離婚の問題
離婚するために必要な手続
夫婦の一方が離婚を決意した後,実際に離婚をするまでには,解決しなければならない問題が多く存在します。
夫婦の間で,離婚をするかどうかについて意見が食い違っている場合には,離婚協議や離婚調停によって離婚について合意する必要があります。また,これらの手続では合意ができない場合には,離婚が認められる理由(離婚事由)を検討のうえ,離婚訴訟に踏み切らなければならないこともあります。

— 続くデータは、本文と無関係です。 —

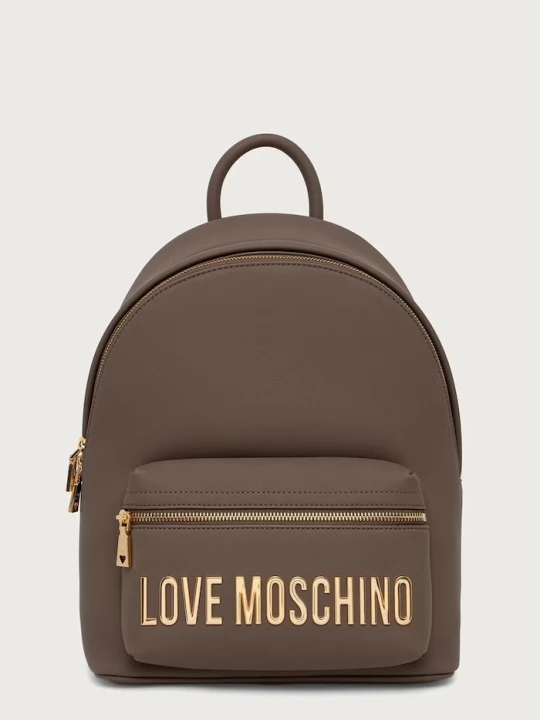 Obrázek produktu Love Moschino batoh dámský z imitace kůže hnědá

これらの手続を進めている間の生活費(婚姻費用)も大変重要な問題です。
また,離婚について夫婦の意見が一致している場合にも,住居や預貯金など夫婦として築いた財産を清算する財産分与,離婚時年金分割,子どもがいる場合には親権,養育費,面会交流などの問題が生じてきます。
離婚の方法
【協議離婚】
夫婦間の話し合いにより離婚する方法です。
話し合いで離婚について合意ができた場合には,離婚届を提出することにより離婚が成立します。
【調停離婚】
夫婦間の話し合いによる協議離婚が成立しない場合,家庭裁判所に離婚の調停を申し立てることができます。離婚調停では,調停委員を交えて,概ね1ヶ月に1度のペースで,離婚の成立に向けた話し合いが重ねられます。
【裁判離婚】
離婚調停でも離婚が成立しなかった場合で,それでも離婚を希望する場合には,家庭裁判所に離婚訴訟を提起する必要があります。
この離婚訴訟の判決で離婚が認められるためには,以下の理由(離婚事由〔民法770条〕)が必要です。
⑴ 配偶者に不貞な行為があったとき。
⑵ 配偶者から悪意で遺棄されたとき。
⑶ 配偶者の生死が3年以上明らかでないとき。
⑷ 配偶者が強度の精神病にかかり,回復の見込みがないとき。
⑸ その他婚姻を継続し難い重大な事由があるとき。
財産分与
財産分与とは,夫婦が結婚後に協力して築いた財産を夫婦間で分け合う手続のことです。
分与の対象となるのは結婚後に夫婦として築いた財産ですので,婚姻前に取得した財産や相続で取得した財産は分与の対象となりません。
分与の割合は原則として2分の1ずつ(清算的財産分与)ですが,離婚後の扶養(扶養的財産分与)や,慰謝料的な要素も踏まえながら妥当な割合を定めます。
離婚時年金分割
離婚時年金分割とは,離婚後,合意または裁判手続によって按分割合を定めて年金事務所に分割請求することにより,婚姻中の厚生年金保険料納付記録の最大2分の1を元夫婦の一方から他方に分割する制度です。
子どもについての手続
【親権者の指定】
子どもがいる夫婦が協議離婚をする場合,協議のなかで,夫婦のいずれかを親権者と定めなければなりません(民法819条1項)。
親権者を定めない限り離婚届は受理されませんので,親権者について夫婦間で話し合いがまとまらない場合には,家庭裁判所に離婚調停を申し立て,その中で親権者の定めについて話し合うことになります。
【養育費】
親と子は直系の血族ですので,親は未成熟子に対し,扶養義務(生活保持義務)を負います。そして,この扶養義務は,夫婦が離婚したからといって消滅するものではなく,子どもを引き取らなかった親も,子どもに対する扶養義務として,養育費を支払うべき義務があります。
【面会交流】
面会交流とは,子どもを養育監護していない方の親が,子どもと面会等をすることをいいます。別居中や離婚後であっても,親であることに変わりはありませんので,子の福祉や利益を害するような場合でない限りは面会交流が認められています。